Ein besonders brisantes Detail betrifft Spieler, die sich selbst vom Glücksspiel ausgeschlossen haben – etwa über das EPIS-System, eine zentrale Datenbank für gesperrte Personen. Laut BAGO haben 47 Prozent dieser Personen den Weg zurück zum Glücksspiel gefunden, in fast allen Fällen über illegale Plattformen.
Illegale Anbieter umgehen zentrale Schutzmechanismen
Die Risiken dieser Entwicklung sind vielfältig: Auf nicht lizenzierten Plattformen fehlt es an grundlegenden Sicherheitsstandards wie Altersverifizierung, Einzahlungslimits, Verhaltenskontrollen und automatischer Sperrung gesperrter Spieler.

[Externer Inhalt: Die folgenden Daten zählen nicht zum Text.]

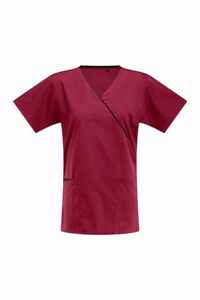 Uniformes de Enfermería de 2 Piezas: Blusa de Manga Corta y Pantalones Largos, Ropa de Trabajo con Cuello en V para Clínica - Product Image 5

Zudem berichten Behörden von einem zunehmenden Risiko für finanziellen Betrug und Spielsucht, da diese Angebote meist auch keinerlei Transparenz über Spielbedingungen oder Gewinnauszahlungen bieten.
Ein weiterer Aspekt ist die gezielte Werbung illegaler Anbieter in sozialen Medien, insbesondere über Plattformen wie TikTok oder Instagram. Diese Marketingmaßnahmen richten sich in erster Linie an jüngere Zielgruppen und verharmlosen das Glücksspiel, indem sie es als unterhaltsamen Zeitvertreib inszenieren.
Branchenverband fordert neue politische Strategie
Angesichts der Entwicklungen fordert der Branchenverband BAGO ein rasches politisches Umdenken. Die Organisation unterstützt die bevorstehende Koalitionsvereinbarung der belgischen Regierung, die ab Juli 2025 umgesetzt werden soll.
Ziel ist es, den Regulierungsrahmen zu überarbeiten und die Stellung der Glücksspielkommission zu stärken. Emmanuel Mewissen, Vizepräsident von BAGO, betont:
„Nur eine moderne, gut ausgestattete Aufsichtsbehörde kann wirksam gegen illegale Anbieter vorgehen und gleichzeitig einen funktionierenden legalen Markt sicherstellen.“
Auch Tom De Clercq, Vorsitzender des Verbands, äußert sich klar:
„Wenn wir weiterhin zusehen, wie sich immer mehr Spieler unkontrollierten Angeboten zuwenden, verlieren wir die Kontrolle über unsere eigene Glücksspielwirtschaft.“
Regulierung muss gezielter ansetzen
Die belgische Glücksspielpolitik steht damit an einem Scheideweg. Zwar sind die gesetzlichen Grundlagen zur Bekämpfung von Spielsucht und illegalen Machenschaften vorhanden – doch deren praktische Wirksamkeit ist begrenzt, solange der Vollzug nicht mitzieht.
Entscheidend wird sein, ob die angekündigten Reformen in der Lage sind, eine Balance zwischen Schutz und Attraktivität des legalen Angebots zu finden. Ohne ein zeitgemäßes, technologisch gestütztes und international abgestimmtes Vorgehen, so der Tenor aus Branche und Politik, könnte sich der Trend hin zu unregulierten Glücksspielmärkten weiter verstärken – mit weitreichenden Folgen für die Gesellschaft, den Konsumentenschutz und die staatlichen Einnahmen.